The UCSB physics department now has two Michelson interferometers. One is an R.J. Beck interferometer, shown in the photograph above. This instrument has a compensator between the beam splitter and fixed mirror, and a 5:1 reduction on the micrometer head that adjusts the length of the variable arm, which produces a mirror movement of two microns for the smallest division on the micrometer scale. The second is a home-built unit, shown below. The new instrument boasts a gothic-arch-bearing 40-mm translation stage with a differential micrometer whose smallest division corresponds to a movement of one micron, and a modular construction that allows great flexibility in setting the interferometer up. You can find some photographs and explanations of some of the activities we have done with the new interferometer, and others that we have planned, here, in a web page written by James Hogg (a UCSB graduate student in physics, who has since finished his Ph.D.).
The R.J. Beck instrument is shown above with a Metrologic ML820 laser, which emits light whose wavelength is 632.8 nanometers.
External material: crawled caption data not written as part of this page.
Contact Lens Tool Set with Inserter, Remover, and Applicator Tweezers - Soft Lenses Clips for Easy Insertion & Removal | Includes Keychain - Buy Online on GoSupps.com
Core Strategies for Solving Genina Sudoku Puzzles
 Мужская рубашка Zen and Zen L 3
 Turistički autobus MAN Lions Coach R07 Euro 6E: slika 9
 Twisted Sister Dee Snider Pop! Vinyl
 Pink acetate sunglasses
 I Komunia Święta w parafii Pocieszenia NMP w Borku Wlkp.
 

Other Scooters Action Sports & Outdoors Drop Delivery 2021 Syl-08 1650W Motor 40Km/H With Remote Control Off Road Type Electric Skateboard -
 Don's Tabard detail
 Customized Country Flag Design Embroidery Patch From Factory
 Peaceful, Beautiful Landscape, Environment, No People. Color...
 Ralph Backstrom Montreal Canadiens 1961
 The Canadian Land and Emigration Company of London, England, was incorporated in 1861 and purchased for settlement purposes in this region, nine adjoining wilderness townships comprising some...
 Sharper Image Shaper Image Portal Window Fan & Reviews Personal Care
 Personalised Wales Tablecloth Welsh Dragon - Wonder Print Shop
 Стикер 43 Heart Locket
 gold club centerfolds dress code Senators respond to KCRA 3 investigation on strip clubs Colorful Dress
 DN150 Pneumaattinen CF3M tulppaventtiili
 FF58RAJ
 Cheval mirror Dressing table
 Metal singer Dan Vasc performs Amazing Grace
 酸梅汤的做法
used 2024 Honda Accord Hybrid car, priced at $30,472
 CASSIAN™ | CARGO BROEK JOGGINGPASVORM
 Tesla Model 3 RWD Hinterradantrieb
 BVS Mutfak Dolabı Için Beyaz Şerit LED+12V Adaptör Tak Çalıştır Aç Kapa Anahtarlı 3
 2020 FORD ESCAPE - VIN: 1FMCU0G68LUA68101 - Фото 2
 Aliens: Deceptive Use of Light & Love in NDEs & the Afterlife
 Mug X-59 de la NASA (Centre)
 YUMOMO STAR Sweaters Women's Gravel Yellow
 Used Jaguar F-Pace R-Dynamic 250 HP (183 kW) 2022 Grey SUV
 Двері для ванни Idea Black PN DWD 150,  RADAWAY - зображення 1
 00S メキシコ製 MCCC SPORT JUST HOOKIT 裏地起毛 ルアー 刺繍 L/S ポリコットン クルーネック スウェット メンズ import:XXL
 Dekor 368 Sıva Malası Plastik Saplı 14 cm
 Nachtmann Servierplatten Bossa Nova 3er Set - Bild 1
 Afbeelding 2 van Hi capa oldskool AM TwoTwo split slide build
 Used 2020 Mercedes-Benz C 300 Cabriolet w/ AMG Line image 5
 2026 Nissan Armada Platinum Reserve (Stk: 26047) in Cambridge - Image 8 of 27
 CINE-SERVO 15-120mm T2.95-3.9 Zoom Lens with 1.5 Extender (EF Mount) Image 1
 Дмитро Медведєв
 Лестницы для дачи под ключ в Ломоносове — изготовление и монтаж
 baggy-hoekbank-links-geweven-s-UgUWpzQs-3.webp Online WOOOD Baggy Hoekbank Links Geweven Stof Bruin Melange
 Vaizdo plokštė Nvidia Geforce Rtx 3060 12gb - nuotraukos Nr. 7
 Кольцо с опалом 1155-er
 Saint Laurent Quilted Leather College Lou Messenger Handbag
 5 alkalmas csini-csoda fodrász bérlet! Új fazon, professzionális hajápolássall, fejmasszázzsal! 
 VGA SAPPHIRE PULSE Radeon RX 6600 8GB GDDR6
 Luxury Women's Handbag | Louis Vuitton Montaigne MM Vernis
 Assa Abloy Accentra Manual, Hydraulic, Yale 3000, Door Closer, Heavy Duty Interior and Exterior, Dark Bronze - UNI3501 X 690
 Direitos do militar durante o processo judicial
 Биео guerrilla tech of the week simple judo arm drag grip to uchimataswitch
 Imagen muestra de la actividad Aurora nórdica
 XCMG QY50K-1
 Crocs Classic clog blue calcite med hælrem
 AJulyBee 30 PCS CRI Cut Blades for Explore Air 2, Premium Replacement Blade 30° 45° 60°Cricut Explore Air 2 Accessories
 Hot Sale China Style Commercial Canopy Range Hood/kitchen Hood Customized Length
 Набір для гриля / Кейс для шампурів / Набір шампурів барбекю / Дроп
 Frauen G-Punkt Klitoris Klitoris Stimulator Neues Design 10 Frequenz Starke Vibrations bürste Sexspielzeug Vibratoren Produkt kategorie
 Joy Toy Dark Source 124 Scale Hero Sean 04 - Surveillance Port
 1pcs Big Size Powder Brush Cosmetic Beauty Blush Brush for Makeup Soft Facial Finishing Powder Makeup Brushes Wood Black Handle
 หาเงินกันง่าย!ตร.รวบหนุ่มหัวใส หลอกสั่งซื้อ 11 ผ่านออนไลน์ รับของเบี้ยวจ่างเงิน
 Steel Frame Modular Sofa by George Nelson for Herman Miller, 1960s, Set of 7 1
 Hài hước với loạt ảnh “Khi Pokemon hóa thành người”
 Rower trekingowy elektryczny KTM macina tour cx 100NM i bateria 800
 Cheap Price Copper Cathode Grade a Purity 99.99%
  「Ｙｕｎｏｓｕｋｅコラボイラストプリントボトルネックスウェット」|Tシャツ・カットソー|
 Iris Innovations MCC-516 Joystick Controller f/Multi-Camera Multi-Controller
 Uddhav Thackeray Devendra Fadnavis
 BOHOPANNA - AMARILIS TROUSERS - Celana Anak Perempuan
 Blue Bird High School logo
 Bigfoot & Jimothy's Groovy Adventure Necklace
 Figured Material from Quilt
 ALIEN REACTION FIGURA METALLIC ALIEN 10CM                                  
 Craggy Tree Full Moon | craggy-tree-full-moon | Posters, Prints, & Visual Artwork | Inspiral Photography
The optic in the blue mount in front of the laser is a beam expander, which spreads the beam over most of the mirror area. Half of the input light is reflected by a beam splitter to the moveable mirror (to the right of the micrometer assembly) to make the “variable arm,” and half goes through to the fixed mirror (at the rear, on the right) to make the “fixed arm.” The mirrors reflect the light back to the beamsplitter, where the portions of the beams that are reflected and transmitted towards the exit aperture (on the right, 90 degrees to the input aperture) recombine. If the path lengths of the two arms differ by exactly an integral number of wavelengths of the light, the two beams undergo constructive interference, giving an intensity maximum. If the path lengths differ by exactly an integral number of wavelengths plus (or minus) a half wavelength, they undergo destructive interference to give an intensity minimum. One thus observes a pattern of fringes that appears to move as one adjusts the length of the variable arm. When the two mirrors are “coplanar,” that is, they are exactly perpendicular to the beam paths, one observes a symmetrical pattern such as those shown below.
The image on the left shows an interference maximum at the center, and the image at right shows an interference minimum at the center. In each photo you can see two fringes (and perhaps part of the next) surrounding the center spot. When the two arms are exactly the same length (i.e., they differ by exactly zero wavelengths!) and the mirrors are coplanar, the central maximum grows to fill the entire field.
When the mirrors are not coplanar, one can obtain so-called “hyperbolic” fringes, which appear as straight vertical lines. The fringes in the photograph at the top of this page indicate a mirror alignment somewhere between that which would give circular fringes and that which would give hyperbolic fringes.